第3節 離島辺地輸送対策


  離島辺地の航空輸送の確保は,民生の安定向上,地域の振興のため強く要望されている。しかし,離島辺地への航空路線は,輸送需要が少なく経営採算が悪いこと等のため,定期航空路線から取り残され,限られた一部の区間において,小型機を所有する航空運送事業者(小型機事業者)により不定期航空運送事業として実施されていた。
  このような状況のもとに,昭和47年5月横浜航空(株)の事故が北海道で発生したことにもかんがみ,離島辺地の航空輸送について,安全性の確保及び空港の効率的な整備をはかりつつ,安定した輸送力を確保するための方策を確立する必要が生じた。
  そこで,47年10月,これに関し航空審議会に諮問し,同年12月に大要次のことを内容とする答申を得た。

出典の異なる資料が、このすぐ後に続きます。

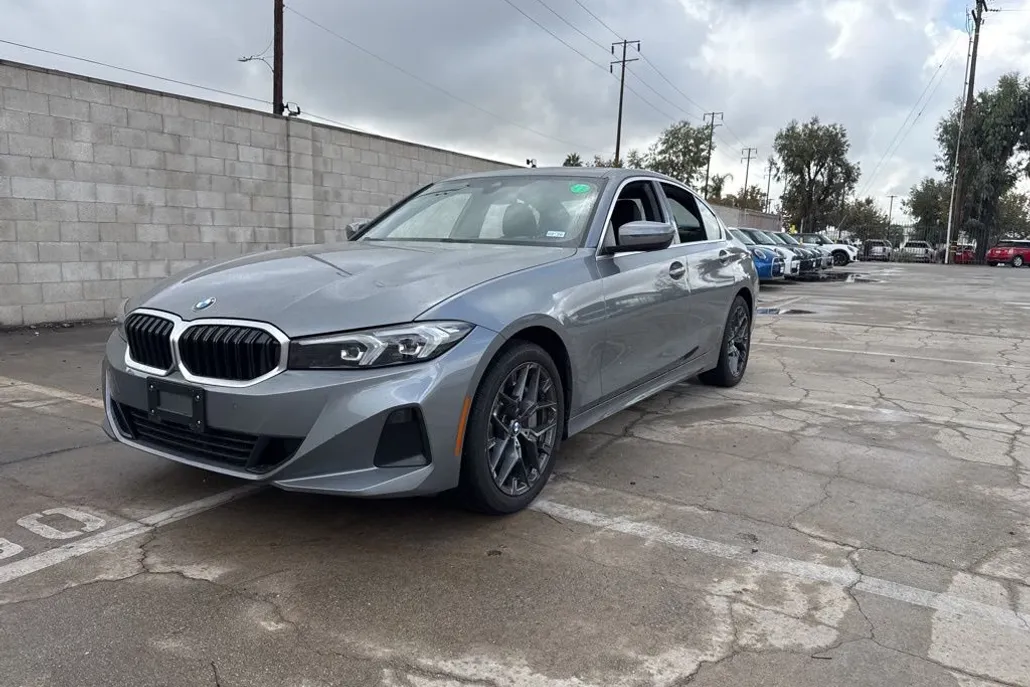 2025 Bmw 330i photo 1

 @ 離島辺地の航空輸送を確保するため,定期航空運送事業者,小型機事業者及び関係地方公共団体等の出資により新会社を設立する。
 A 新会社は,主としてSTOL機を使用して離島辺地航空輸送を中心とする近距離定期航空運送事業を行う。
 B 定期航空運送事業者は資金,技術,営業の各面における支援を,また,国及び地方公共団体は助成(航空機購入補助)を行う。

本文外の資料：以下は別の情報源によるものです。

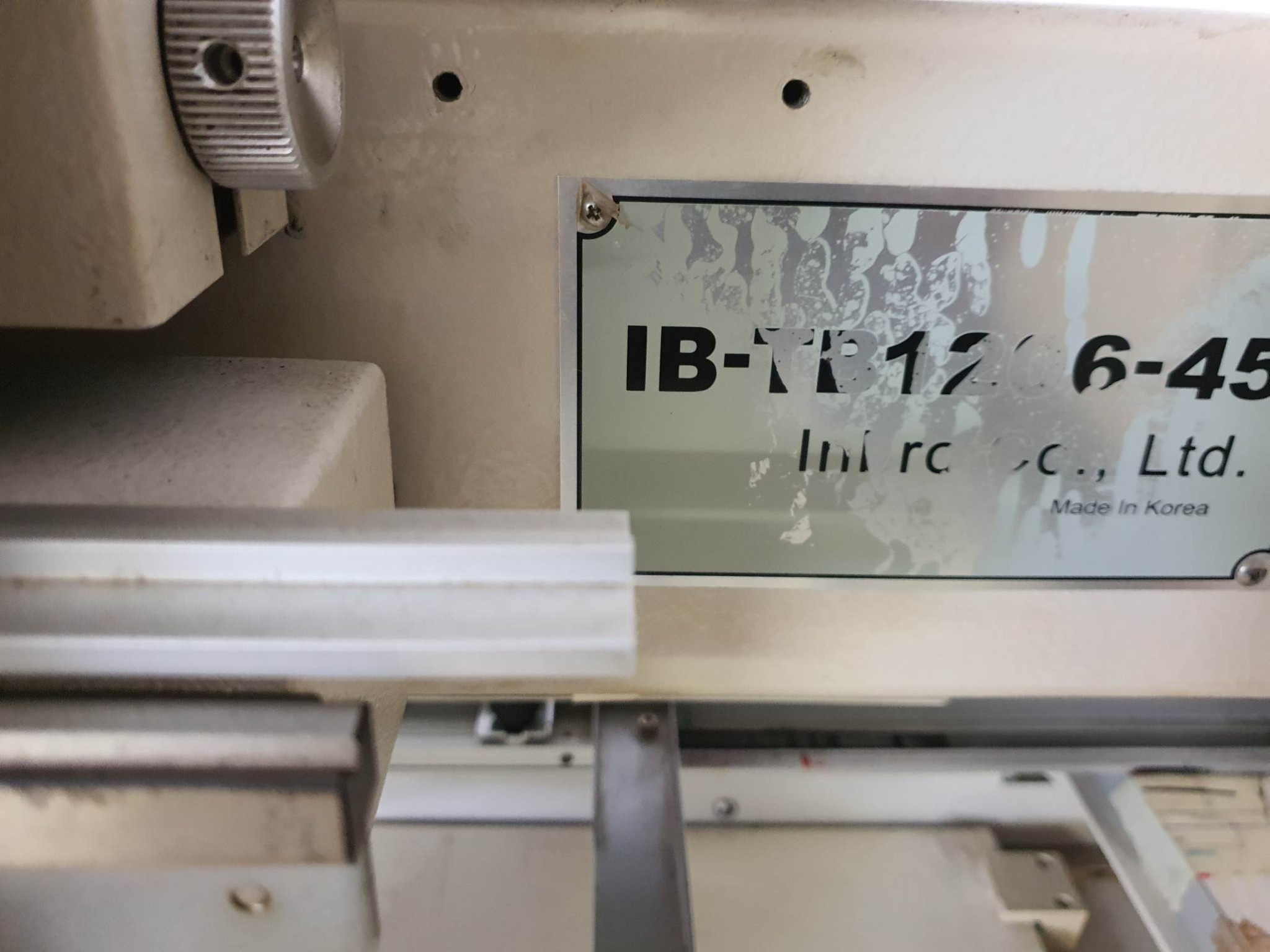 maszyna do cięcia papieru, WOHLENBERG, zszywarka siodłowa, BREHMER, hafciarka-3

  上記答申の趣旨にそって,49年3月13日,日本近距離航空株式会社が設立され,同年8月10日より札幌―稚内―利尻及び新潟―佐渡の2路線,同年10月15日より札幌―奥尻―函館,札幌―中標津及び札幌―紋別の3路線の運航を開始した。同社の使用する航空機(STOL機)3機の購入に当たっては国及び地方公共団体より補助金(それぞれ購入価格×0.9×0.45,購入価格×0.9×0.25)が交付されている。

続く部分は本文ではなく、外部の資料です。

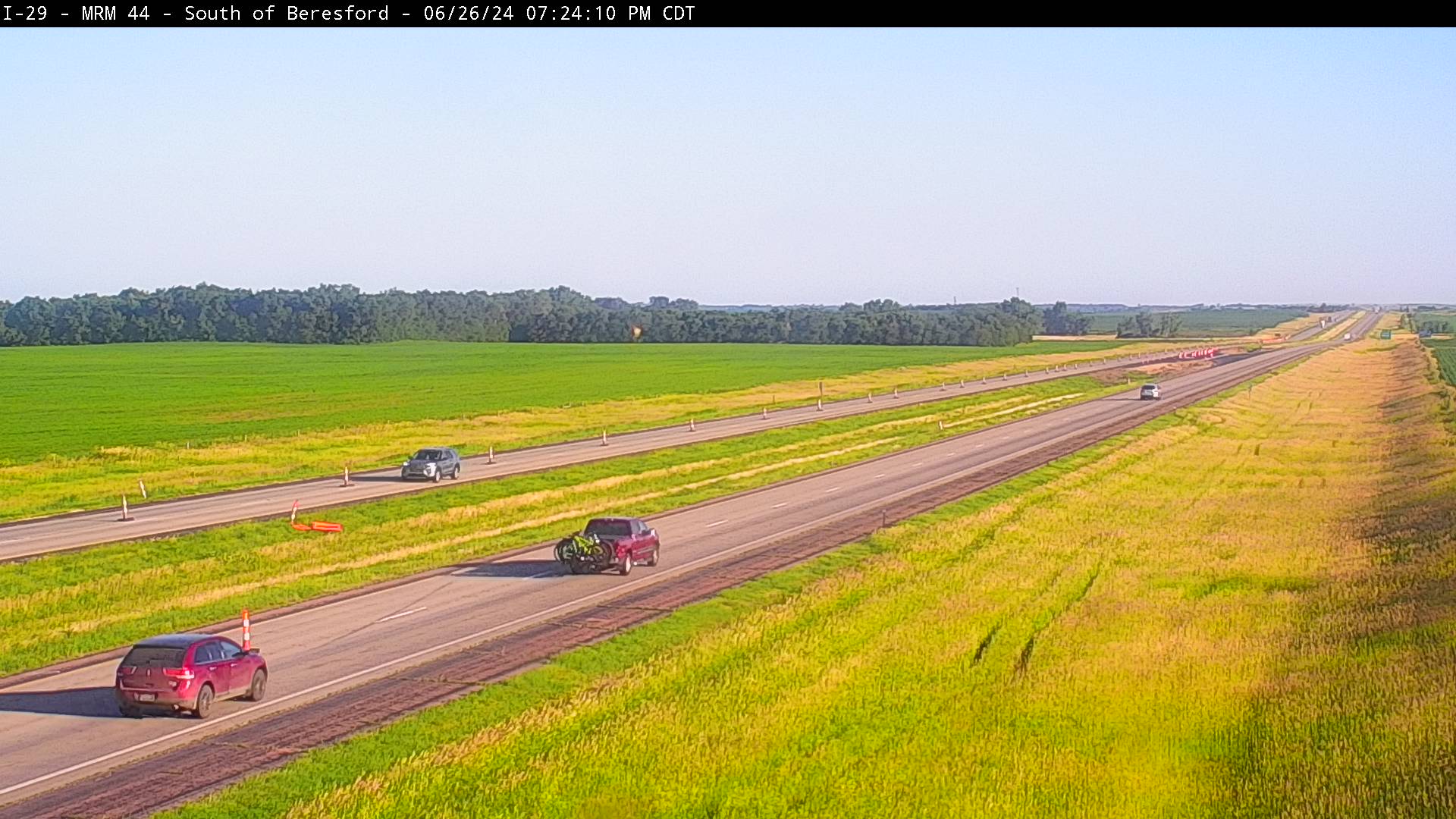 Traffic Cam 2 miles south of town along I-29 @ MP 44 - South Player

  また,沖縄地区を運航する南西航空(株)の使用するSTOL機2機の購入に当たっても国及び地方公共団体より補助金(それぞれ購入価格×0.9×075,購入価格×0.9×0.25)が交付されている。
  一方,空港の整備事業としては,48年度は4億2,700万円の事業が行われ,49年度には,2億8,200万円を計上し,整備を推進している。